In our review, we praised Gears Tactics’ combat, even if some of the mission structuring and pacing fell a little short in some ways. Regardless, one aspect of Gears Tactics that I very truly want to see other PC games take on is how The Coalition and Splash Damage set out the game’s PC settings, which are remarkably good.
An epic first-effort strategy game.
Tweak (and learn) everything
Source: Windows Central | Gears Tactics
Beyond explaining what each setting does, Gears Tactics also shows you what each setting looks like, represented in-game. For example, sliding the World Detail setting will show you how much on-screen debris and lighting you may be losing by turning it down, while also noting the impact on your hardware underneath.
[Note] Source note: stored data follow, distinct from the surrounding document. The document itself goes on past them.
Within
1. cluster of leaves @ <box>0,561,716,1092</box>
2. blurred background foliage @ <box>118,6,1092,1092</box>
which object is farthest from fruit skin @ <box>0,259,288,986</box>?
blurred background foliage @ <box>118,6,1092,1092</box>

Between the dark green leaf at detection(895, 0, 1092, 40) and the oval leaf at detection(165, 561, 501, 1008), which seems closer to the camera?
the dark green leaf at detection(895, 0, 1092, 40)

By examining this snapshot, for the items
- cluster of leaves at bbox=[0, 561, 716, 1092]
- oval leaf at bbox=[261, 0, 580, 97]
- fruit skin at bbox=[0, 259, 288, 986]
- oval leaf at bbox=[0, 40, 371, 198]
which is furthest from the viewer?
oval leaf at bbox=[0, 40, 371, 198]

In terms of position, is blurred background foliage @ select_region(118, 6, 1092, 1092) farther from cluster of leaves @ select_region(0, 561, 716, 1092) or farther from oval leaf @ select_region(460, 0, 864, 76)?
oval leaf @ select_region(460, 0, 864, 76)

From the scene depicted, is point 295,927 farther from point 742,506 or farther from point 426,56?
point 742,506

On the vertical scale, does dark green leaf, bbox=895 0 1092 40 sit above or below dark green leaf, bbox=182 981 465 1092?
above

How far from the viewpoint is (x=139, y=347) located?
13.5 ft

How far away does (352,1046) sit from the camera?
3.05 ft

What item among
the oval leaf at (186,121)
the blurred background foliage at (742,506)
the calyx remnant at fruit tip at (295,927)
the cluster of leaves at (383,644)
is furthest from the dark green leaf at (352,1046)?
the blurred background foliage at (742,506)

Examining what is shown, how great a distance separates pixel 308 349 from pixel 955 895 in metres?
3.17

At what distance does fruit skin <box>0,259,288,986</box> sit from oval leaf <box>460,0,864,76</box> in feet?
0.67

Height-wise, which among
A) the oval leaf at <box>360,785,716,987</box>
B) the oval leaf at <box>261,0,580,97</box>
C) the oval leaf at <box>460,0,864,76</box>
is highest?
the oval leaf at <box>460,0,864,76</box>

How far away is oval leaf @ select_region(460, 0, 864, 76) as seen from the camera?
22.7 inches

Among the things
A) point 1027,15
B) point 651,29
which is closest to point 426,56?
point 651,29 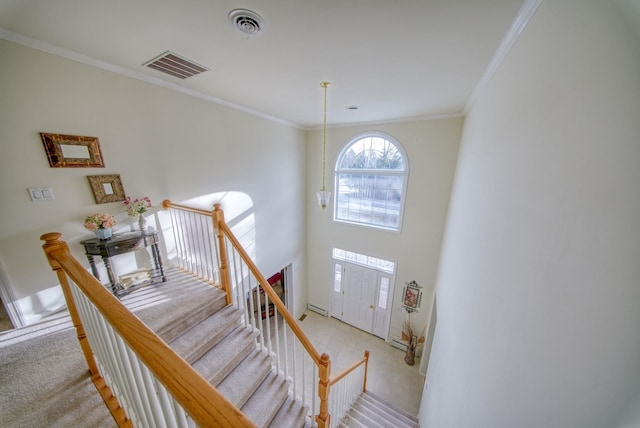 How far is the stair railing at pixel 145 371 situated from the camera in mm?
572

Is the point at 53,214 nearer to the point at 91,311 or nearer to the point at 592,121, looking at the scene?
the point at 91,311

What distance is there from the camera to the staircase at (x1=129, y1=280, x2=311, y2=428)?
1.84 meters

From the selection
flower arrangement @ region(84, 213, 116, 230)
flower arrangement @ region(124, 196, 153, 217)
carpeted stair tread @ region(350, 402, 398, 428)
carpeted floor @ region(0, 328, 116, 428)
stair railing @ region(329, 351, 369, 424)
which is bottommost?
carpeted stair tread @ region(350, 402, 398, 428)

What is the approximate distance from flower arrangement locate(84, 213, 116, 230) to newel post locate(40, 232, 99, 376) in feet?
2.27

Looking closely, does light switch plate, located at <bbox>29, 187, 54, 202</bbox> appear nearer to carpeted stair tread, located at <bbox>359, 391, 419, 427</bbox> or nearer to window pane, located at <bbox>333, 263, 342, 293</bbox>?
window pane, located at <bbox>333, 263, 342, 293</bbox>

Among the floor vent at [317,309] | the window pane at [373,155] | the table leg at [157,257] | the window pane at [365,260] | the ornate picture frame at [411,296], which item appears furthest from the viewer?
the floor vent at [317,309]

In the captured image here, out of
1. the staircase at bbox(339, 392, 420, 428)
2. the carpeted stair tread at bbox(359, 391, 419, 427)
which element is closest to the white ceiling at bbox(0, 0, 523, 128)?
the staircase at bbox(339, 392, 420, 428)

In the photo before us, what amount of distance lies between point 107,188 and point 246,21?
2.10 metres

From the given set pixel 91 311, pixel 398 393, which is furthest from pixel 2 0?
pixel 398 393

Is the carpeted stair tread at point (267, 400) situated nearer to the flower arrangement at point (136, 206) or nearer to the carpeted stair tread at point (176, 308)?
the carpeted stair tread at point (176, 308)

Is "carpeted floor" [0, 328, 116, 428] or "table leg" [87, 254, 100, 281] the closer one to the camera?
"carpeted floor" [0, 328, 116, 428]

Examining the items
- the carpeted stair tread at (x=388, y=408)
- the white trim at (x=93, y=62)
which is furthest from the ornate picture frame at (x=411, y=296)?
the white trim at (x=93, y=62)

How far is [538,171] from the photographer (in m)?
0.97

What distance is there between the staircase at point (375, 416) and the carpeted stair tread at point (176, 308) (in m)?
2.45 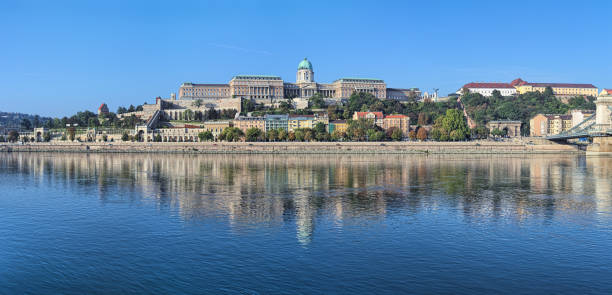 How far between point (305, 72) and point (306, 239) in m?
101

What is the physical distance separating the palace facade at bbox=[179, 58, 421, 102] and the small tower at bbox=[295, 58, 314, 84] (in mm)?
1832

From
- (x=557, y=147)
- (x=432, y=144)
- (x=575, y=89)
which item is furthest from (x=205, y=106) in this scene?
(x=575, y=89)

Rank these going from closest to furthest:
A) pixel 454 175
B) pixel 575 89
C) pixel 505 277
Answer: pixel 505 277
pixel 454 175
pixel 575 89

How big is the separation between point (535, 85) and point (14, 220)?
10840 cm

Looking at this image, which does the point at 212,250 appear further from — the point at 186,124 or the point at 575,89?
the point at 575,89

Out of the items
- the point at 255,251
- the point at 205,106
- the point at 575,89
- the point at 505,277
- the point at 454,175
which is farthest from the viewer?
the point at 575,89

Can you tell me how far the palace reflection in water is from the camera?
19.0 meters

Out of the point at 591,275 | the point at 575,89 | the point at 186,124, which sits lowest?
the point at 591,275

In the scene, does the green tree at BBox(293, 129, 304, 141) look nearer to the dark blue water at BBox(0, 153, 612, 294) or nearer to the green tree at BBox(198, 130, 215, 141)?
the green tree at BBox(198, 130, 215, 141)

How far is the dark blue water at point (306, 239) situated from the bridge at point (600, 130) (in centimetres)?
3538

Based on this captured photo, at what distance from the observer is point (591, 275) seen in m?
11.5

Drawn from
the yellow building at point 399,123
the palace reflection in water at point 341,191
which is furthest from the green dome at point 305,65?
the palace reflection in water at point 341,191

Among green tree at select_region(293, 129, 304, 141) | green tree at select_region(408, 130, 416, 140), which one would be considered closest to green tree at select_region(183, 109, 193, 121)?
green tree at select_region(293, 129, 304, 141)

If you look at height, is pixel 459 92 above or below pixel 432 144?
above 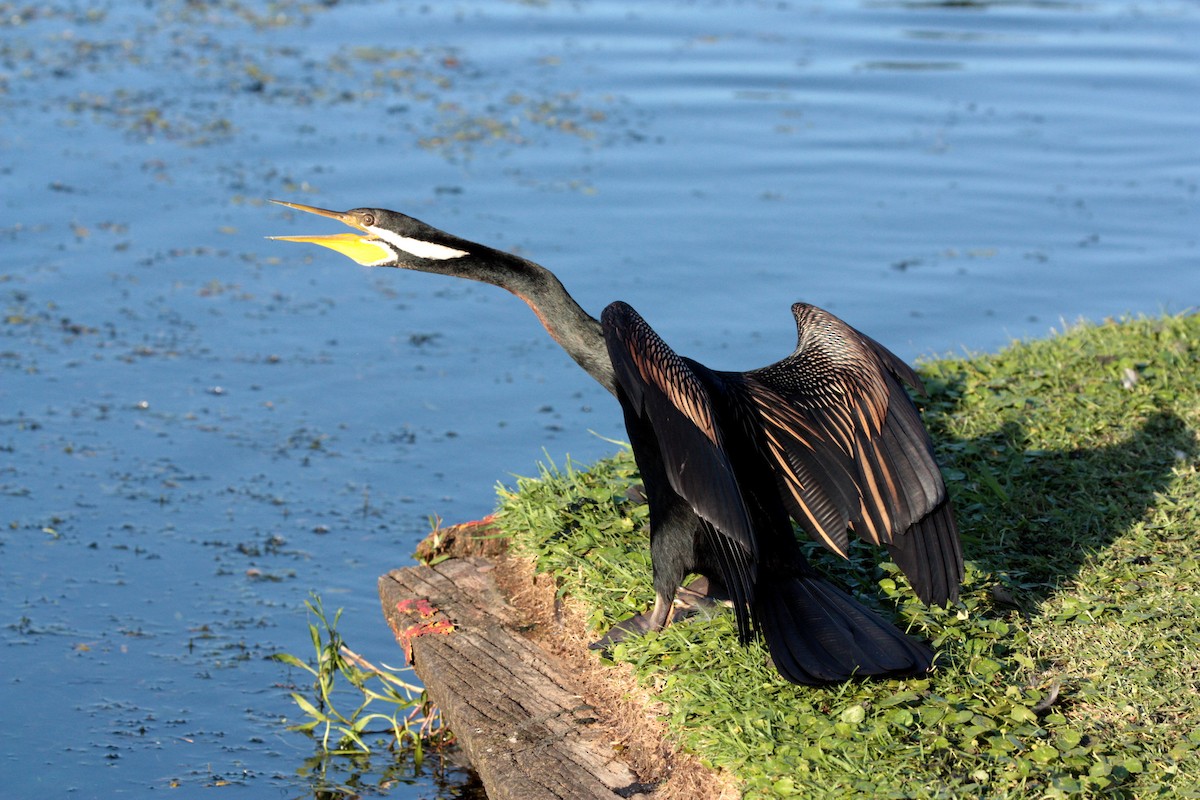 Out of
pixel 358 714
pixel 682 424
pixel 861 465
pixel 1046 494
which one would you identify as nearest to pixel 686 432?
pixel 682 424

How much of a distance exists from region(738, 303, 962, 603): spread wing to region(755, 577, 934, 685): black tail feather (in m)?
0.16

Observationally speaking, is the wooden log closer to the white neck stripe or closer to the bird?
the bird

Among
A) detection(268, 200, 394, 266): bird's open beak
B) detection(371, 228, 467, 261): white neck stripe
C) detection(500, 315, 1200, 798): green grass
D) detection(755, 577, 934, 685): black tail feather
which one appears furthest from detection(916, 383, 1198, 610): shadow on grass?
detection(268, 200, 394, 266): bird's open beak

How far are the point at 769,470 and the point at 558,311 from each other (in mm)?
696

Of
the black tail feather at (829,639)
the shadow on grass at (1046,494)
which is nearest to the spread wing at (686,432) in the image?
the black tail feather at (829,639)

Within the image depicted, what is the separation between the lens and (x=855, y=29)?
12.1 metres

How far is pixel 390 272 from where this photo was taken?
25.5 ft

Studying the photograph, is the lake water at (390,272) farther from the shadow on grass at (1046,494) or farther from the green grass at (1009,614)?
the shadow on grass at (1046,494)

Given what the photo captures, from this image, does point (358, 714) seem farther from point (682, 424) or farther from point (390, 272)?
point (390, 272)

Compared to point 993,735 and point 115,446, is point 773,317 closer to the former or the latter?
point 115,446

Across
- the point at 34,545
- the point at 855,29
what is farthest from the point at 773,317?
the point at 855,29

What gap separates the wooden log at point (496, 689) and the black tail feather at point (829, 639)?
1.60 ft

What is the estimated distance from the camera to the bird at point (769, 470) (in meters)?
3.15

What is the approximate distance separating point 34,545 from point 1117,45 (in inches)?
402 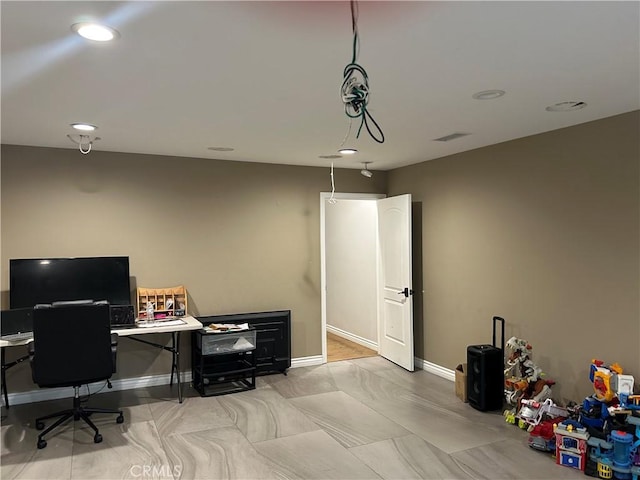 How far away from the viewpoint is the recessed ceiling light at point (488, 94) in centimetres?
277

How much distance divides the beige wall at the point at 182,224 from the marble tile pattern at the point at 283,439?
87 cm

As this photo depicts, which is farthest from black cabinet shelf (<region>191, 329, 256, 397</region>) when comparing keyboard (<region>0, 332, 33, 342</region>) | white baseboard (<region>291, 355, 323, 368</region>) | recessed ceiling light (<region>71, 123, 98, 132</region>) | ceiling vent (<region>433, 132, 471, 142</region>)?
ceiling vent (<region>433, 132, 471, 142</region>)

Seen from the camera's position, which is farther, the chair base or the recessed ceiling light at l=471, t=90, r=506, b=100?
the chair base

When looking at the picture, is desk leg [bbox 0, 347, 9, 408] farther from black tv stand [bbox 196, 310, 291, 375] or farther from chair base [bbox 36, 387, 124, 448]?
black tv stand [bbox 196, 310, 291, 375]

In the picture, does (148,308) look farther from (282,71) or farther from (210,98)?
(282,71)

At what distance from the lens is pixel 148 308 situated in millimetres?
4570

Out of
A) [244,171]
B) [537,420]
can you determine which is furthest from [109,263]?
[537,420]

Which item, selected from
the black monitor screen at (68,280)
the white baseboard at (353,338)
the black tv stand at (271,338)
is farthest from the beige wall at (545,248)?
the black monitor screen at (68,280)

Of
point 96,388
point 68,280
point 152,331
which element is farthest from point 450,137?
point 96,388

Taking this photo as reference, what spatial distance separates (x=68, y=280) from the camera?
436 cm

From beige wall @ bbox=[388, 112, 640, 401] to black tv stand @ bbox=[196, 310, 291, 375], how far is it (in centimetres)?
160

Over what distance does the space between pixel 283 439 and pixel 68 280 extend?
2.41 meters

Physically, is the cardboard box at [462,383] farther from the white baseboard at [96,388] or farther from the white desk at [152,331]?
the white baseboard at [96,388]

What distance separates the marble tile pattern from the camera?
3.12m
Tactics also does a great job with accessibility features upfront, rather than as an afterthought, with colorblindness modes, caption sizing, and even a text narrator, which is something I’m not sure I’ve actually seen in a game before. You can adjust every keybind too, both on your keyboard or gamepad, which naturally supports things like the Xbox Adaptive Controller for users with additional needs.
PC devs: more of this please
It shows Microsoft is serious about making its games and services feel more at home on PC
Whether you’re into Gears Tactics or not, this level of customization is something I think everybody would appreciate to see more often in PC games. I expect that it requires a bit of extra development time to create a GUI for configuration on this level, sure, but for larger publishers, there’s not as much of an excuse, particularly when it comes to accessibility features.
Either way, it shows Microsoft is serious about making its games and services feel more at home on PC, which is something a lot of AAA publishers often treat as a bit of an afterthought, after porting their games across from console. Microsoft has very arguably neglected its PC gaming community in recent years, but this level of detail, coupled with solid new apps like the Xbox Game Bar and Xbox Game Pass for PC, the company is starting to turn it around.